Ten minutes later, as I slowed down to negotiate a hairpin curve to the left, I suddenly hit the brakes. At the bend of the curve a mountain stream went under the road through an old redbrick arched bridge and dropped into a deep ravine. At the bottom of the ravine, I’d spotted a man running wildly down the creek bank, flailing through the underbrush, falling as often as he covered ground. He was a fat man with a full black beard, and he was being pursued by a pack of baying dogs. I pulled over and got out of the Suburban. The shepherds had heard the other dogs and started barking. I shouted at them to shut up. By now the man was a hundred yards down the bank.

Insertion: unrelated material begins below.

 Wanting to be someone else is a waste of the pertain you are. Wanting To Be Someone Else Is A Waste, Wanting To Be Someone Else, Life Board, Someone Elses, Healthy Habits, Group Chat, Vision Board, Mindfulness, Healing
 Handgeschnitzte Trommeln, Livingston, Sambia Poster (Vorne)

I ran over to the guardrail in time to see the first and biggest dog catch up with the fleeing man and grab an ankle in his teeth. The fat man yelled in pain and went down heavily, landing with his head and shoulders in the creek and the rest of him still on the bank. The remainder of the pack arrived and, to my horror, swarmed all over the man until he was no longer visible from the road. Even from my distant vantage point, I could hear the snarling, see the bloody jaws tearing from side to side. When I saw the whitewater in the creek turn red I backed away from the guardrail.

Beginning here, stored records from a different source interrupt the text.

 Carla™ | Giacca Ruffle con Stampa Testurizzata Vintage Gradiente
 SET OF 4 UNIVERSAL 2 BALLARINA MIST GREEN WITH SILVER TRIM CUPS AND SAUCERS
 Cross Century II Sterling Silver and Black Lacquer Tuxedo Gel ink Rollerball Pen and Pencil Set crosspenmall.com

I thought about getting my. 45 and seeing what I could do, but the scene below was out of effective range, and, judging from the blood in the water, it was already too late. I looked back down and saw that the dog pack was still going to town and the creek was still running red. Then movement caught my eye high up on the slope above the bridge, right at the tree line. A very tall, thin man was standing up there, dressed all in black, with what looked like a very long, antique rifle crooked over his arm. The man was watching the carnage below through a set of binoculars. I saw a glint of light on lenses as the binoculars swung around to train on me. I backed away from the guardrail toward my Suburban. The watching man put the glasses back on the dog pack, as if to say he didn’t much care if there had been a witness. Then I saw a small group of men, maybe five or six, standing above the lone watcher on a nearby ridge. None of them seemed to have binoculars, but they did have rifles. I decided it was definitely time to get the hell out of there as fast as I could safely drive.

Back at the lodge, I placed a call to my old boss, Bobby Lee Baggett, high sheriff of Manceford County. He called me back in fifteen minutes.